People wonder at the so-called six degrees of separation - the marvel that EVERYONE on earth is connected in some extended way - but the fact of the connection is not nearly as remarkable as the reason: the devastating sexual prowess of 17 (approximately) smooth-talking guys. The huge stadium-sized quantities of conversation and emotion girls expend talking about “guys” - pretty much all the noise bombinating about your average urban Starbucks on a Sunday afternoon - it ain’t about “guys,” it’s about the one friend we know who gets so much tail it’s just not fair.
You know that friend, the one whose after-hours exploits are recounted with head-shaking and mumbled murmurs of “unbelievable!” He both awes and kind of pisses us off. He is among the anointed 17, the musica universalis, the unknowing, amoral puppet masters who Malcolm Gladwell calls Connectors, "the people who "link us up with the world ... people with a special gift for bringing the world together." Think of every girl you will ever know and understand one of the 17, probably John Mayer, knew her first.

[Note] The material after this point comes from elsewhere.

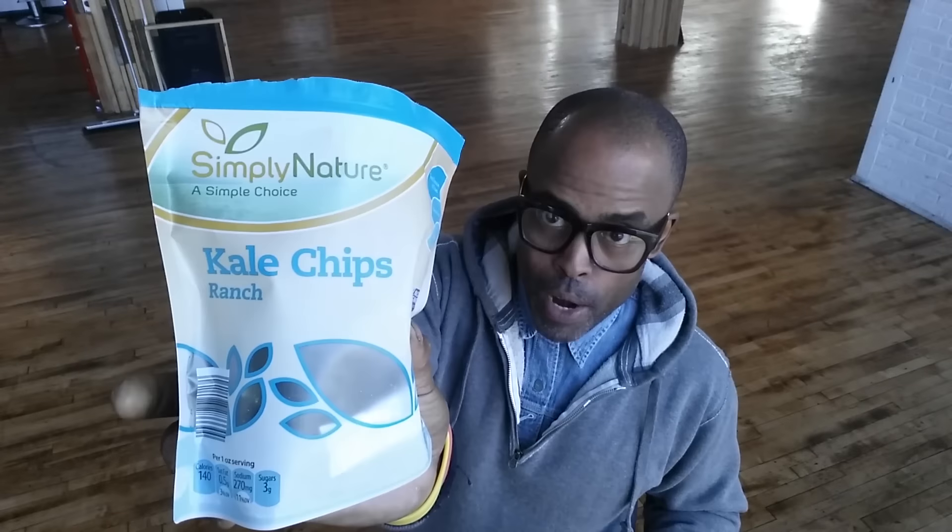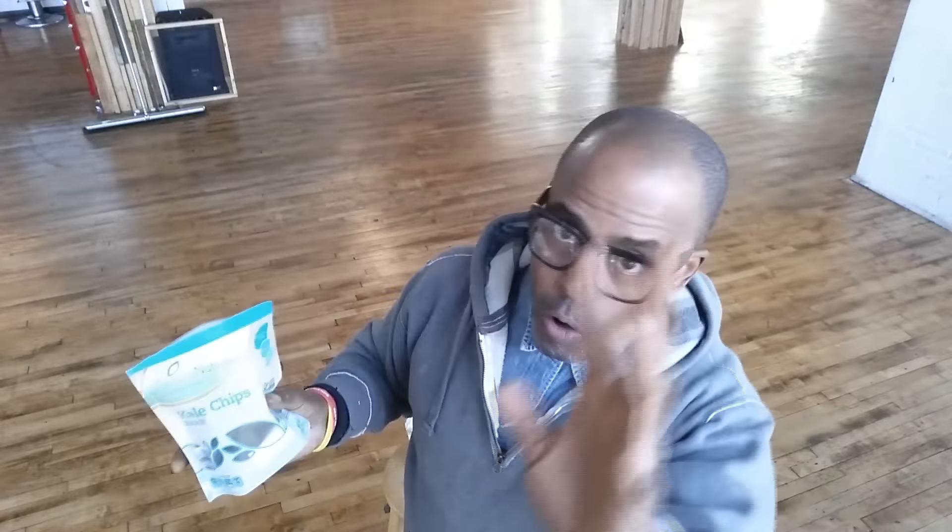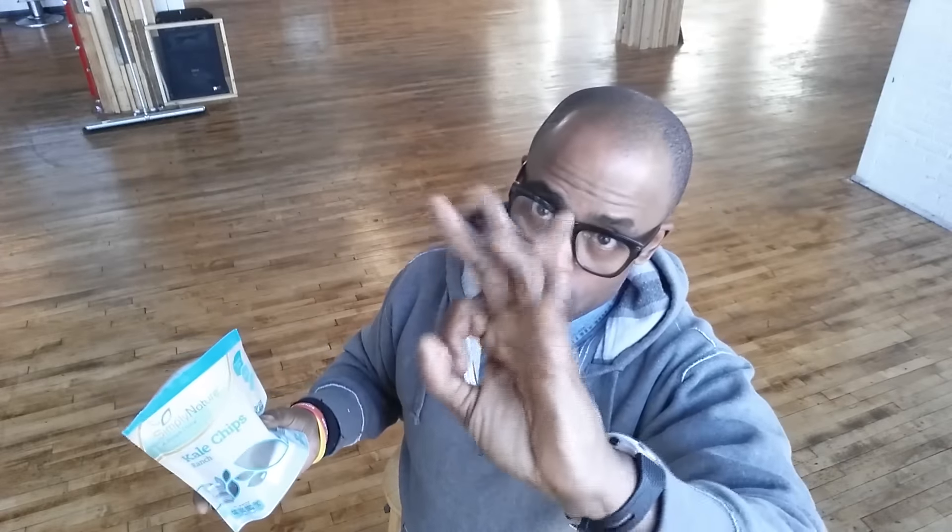And that's the original — let's try the ranch. Once again, all vegan, gluten-free. This is what the bags look like. Thanks, Aldi.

On some level we all recognize that’s the dynamic we deal with. Regular guys talk a big game and put on their male, male impostor shows and generally pretend single life is this swash-buckling, Entourage-style condition of serial monogamy but we know in truth it’s just like high school: a handful of guys from the football team having a field day with every girl in the yearbook while the rest of us watch from the sidelines, clutching Trigonometry textbooks, all vulnerable and wanting, streams of nerd tears spilling down our cheeks, clinging to the hope that sooner or later some girl will take pity on our bench-warming butt, which, because we live in a society that frowns on open polygamy, we know to be a sort of statistical inevitability.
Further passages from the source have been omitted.